Cumhurbaşkanı Erdoğan, "Seçim güvenliği noktasında alınan bütün tedbirlere rağmen terör örgütü orada sızma hareketlerini yapmak suretiyle, başta muhtarlar olmak üzere belli yerlere belli tehditlerini yapmak suretiyle, oradaki sandık kurullarında kurdukları otoriteyle birçok yerde, köylerde, mezralarda, mahallelerde tehditle kendi destekledikleri siyasi partiye oy topladığını tespit ettik" dedi.

Cumhurbaşkanı Recep Tayyip Erdoğan, TRT Haber ekranlarında yayınlanan bir programa konuk oldu. Erdoğan, Cumhurbaşkanlığı Külliyesi'nde yapılan yayında, gündeme dair önemli açıklamalarda bulundu. Türkiye'nin güçlenmesinin, ekonomik ve sosyal alanlarda atılan doğru adımların birilerini rahatsız ettiğini söyleyen Erdoğan, yaşanan terör olaylarıyla ilgili, "Gerçekten sıkıntılı, sancılı bir dönemi yaşıyoruz. Maalesef geçmişten bugüne, özellikle bir Demokratik Açılım Projesi'yle başlattığımız terörle mücadele yol haritasında, bildiğiniz gibi daha sonra Milli Birlik ve Kardeşlik Projesi'yle bunu geliştirdik, yaptığımız Akil İnsanlar toplantılarıyla bu işi Çözüm Süreci'ne ulaştırdık. Birilerinin karşı çıkmasına rağmen hedefimiz; Başbakanlığım döneminde "Bunu da ileri bir safhaya götürelim ve böylece bu ülkede 780 bin kilometre kare vatan toprakları üzerinde, 78 milyon vatandaşımız bir, beraber, kardeşlik içerisinde, hep birlikte Türkiye olalım hedefiyle yürütelim" dedik ve bunun adımlarını attık. Bizim çok farklı hedeflerimiz vardı; "Batıda ne varsa, doğuda, güneydoğuda da o olacak.
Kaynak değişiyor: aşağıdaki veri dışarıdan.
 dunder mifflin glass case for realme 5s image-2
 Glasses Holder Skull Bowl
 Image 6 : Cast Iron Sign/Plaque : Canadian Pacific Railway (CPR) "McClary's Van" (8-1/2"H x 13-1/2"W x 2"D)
Kuzeyde ne varsa güneyde de o olacak, 780 bin kilometrekare vatan toprağını artık bir modern Türkiye olarak anacağız." Yani bir bölgesi geri kalmış, diğer bölgesi ilerlemiş bir Türkiye görmek istemiyoruz. Atılması gereken önemli adımlar vardı; eğitimdi, sağlıktı, adaletti, ulaşımdı, enerjiydi, emniyetti, tarımdı. Bütün bunlarda çok güçlü adımların atılması gerekirdi. Biz bu adımları attıkça birileri rahatsız olmaya başladı. Kişi başına milli gelir 3 bin 400 dolardan 11 binlere falan ulaştı. Şuanda dünyadaki ekonomik krize rağmen 10 bin 400 dolar kişi başı milli gelirimiz var. Bunlar birilerini rahatsız ediyordu. Kısa zamanda 15 bin dolar kişi başı milli gelirin yakalanması, artı 25 bin dolara ulaşması, Türkiye'nin Avrupa Birliği üyesi ülkeler arasında çok farklı bir konuma girmesini getirecekti. Türkiye zaten şuanda dünyanın en büyük ekonomilerine sahip ülkeleri arasında, G-20 ülkeleri arasında 17. sırada yer alıyor. Böyle güçlü bir konuma sahip olan Türkiye'nin, içeriden, dışarıdan birilerini rahatsız ettiğini gördük" değerlendirmelerinde bulundu.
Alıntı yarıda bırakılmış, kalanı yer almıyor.